# How to complete this task
Your copy should match the listing below exactly, except that it holds no images.

--- Available data Enclosed Below ---

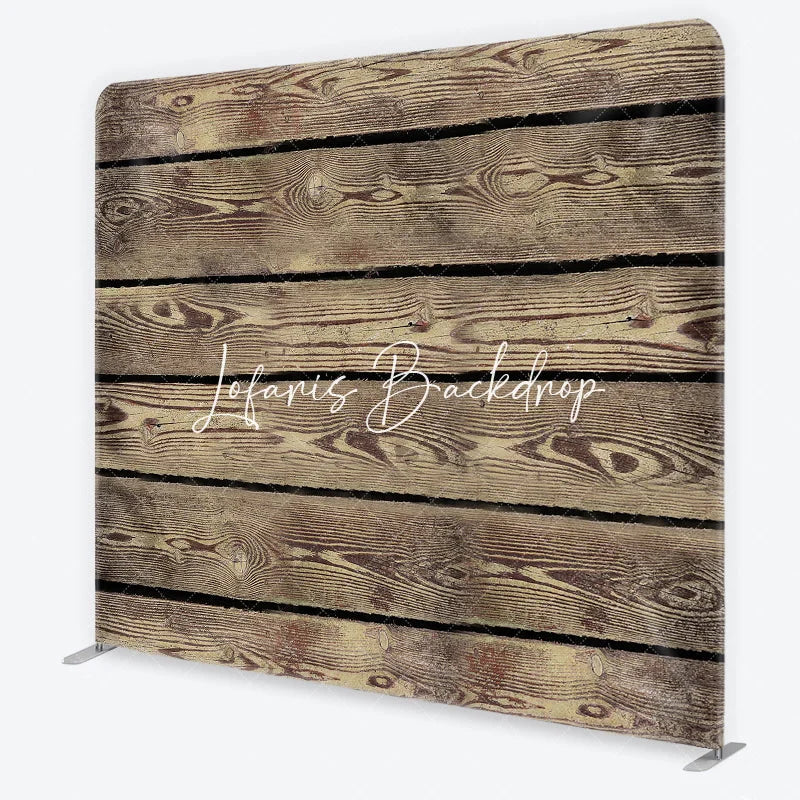 Lofaris Rustic Weathered Wood Planks Texture Square Double-Sided Backdrop Natural Brown Photography Background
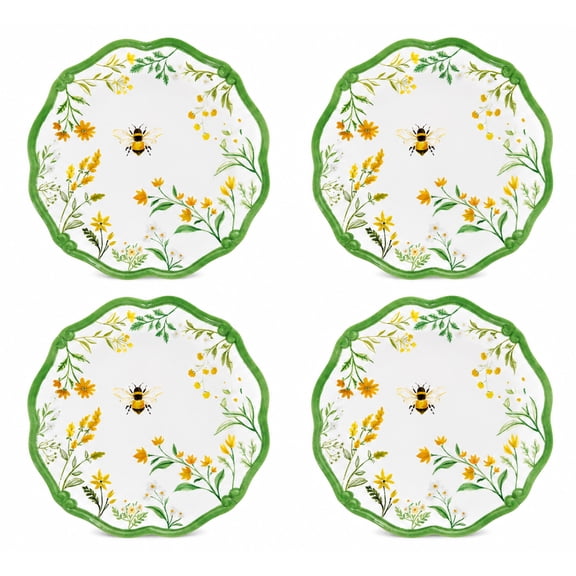 SeasonsEasy Bee & Wildflower Melamine Salad Plates 8.9 Inch Scalloped Set of 4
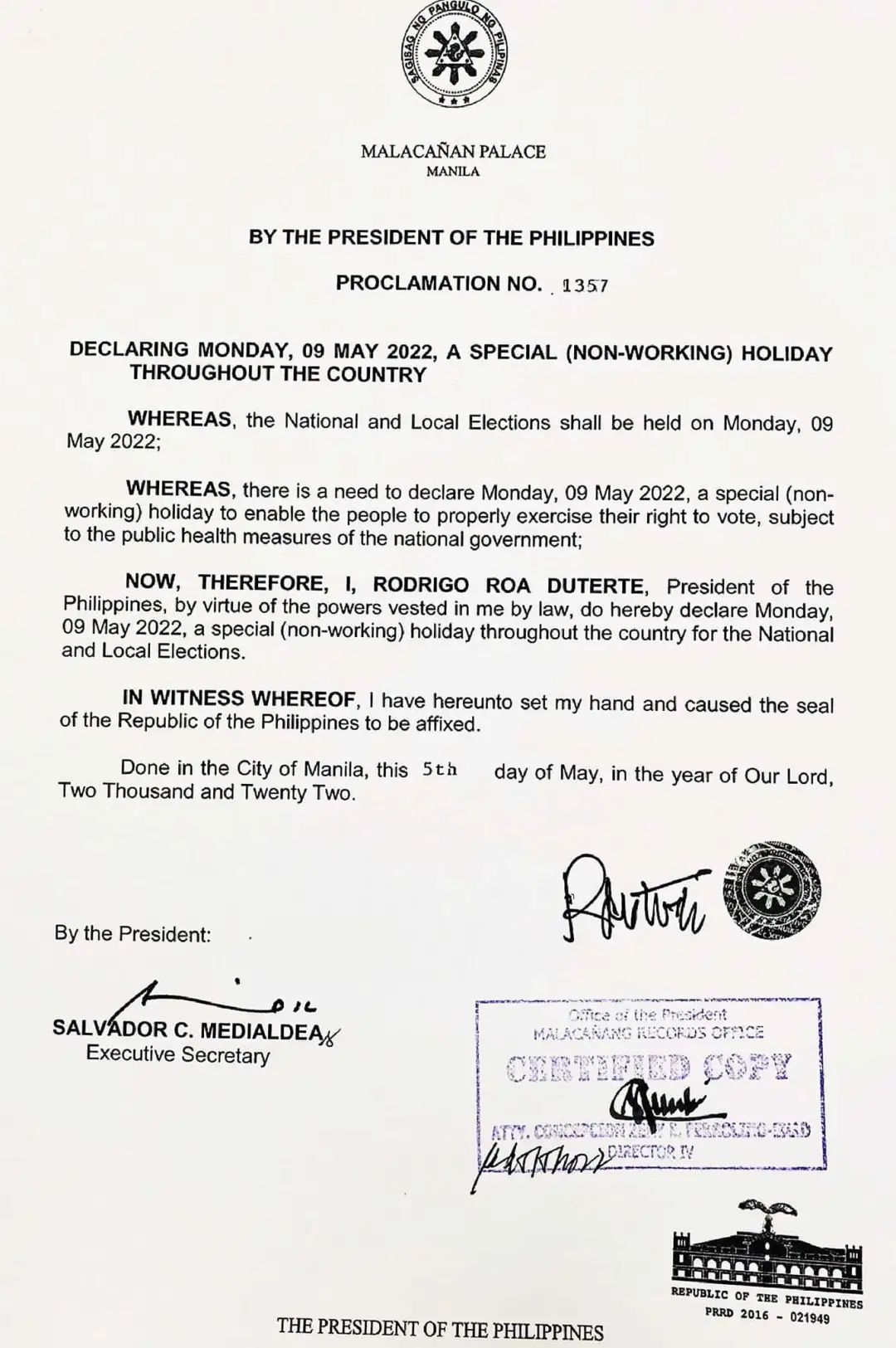 【菲律宾】宣布 5月9日一 为全国法定假期一投票日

--- End of Enclosed Available data ---

# Answer to this task
 Lofaris Rustic Weathered Wood Planks Texture Square Double-Sided Backdrop Natural Brown Photography Background
 SeasonsEasy Bee & Wildflower Melamine Salad Plates 8.9 Inch Scalloped Set of 4
 【菲律宾】宣布 5月9日一 为全国法定假期一投票日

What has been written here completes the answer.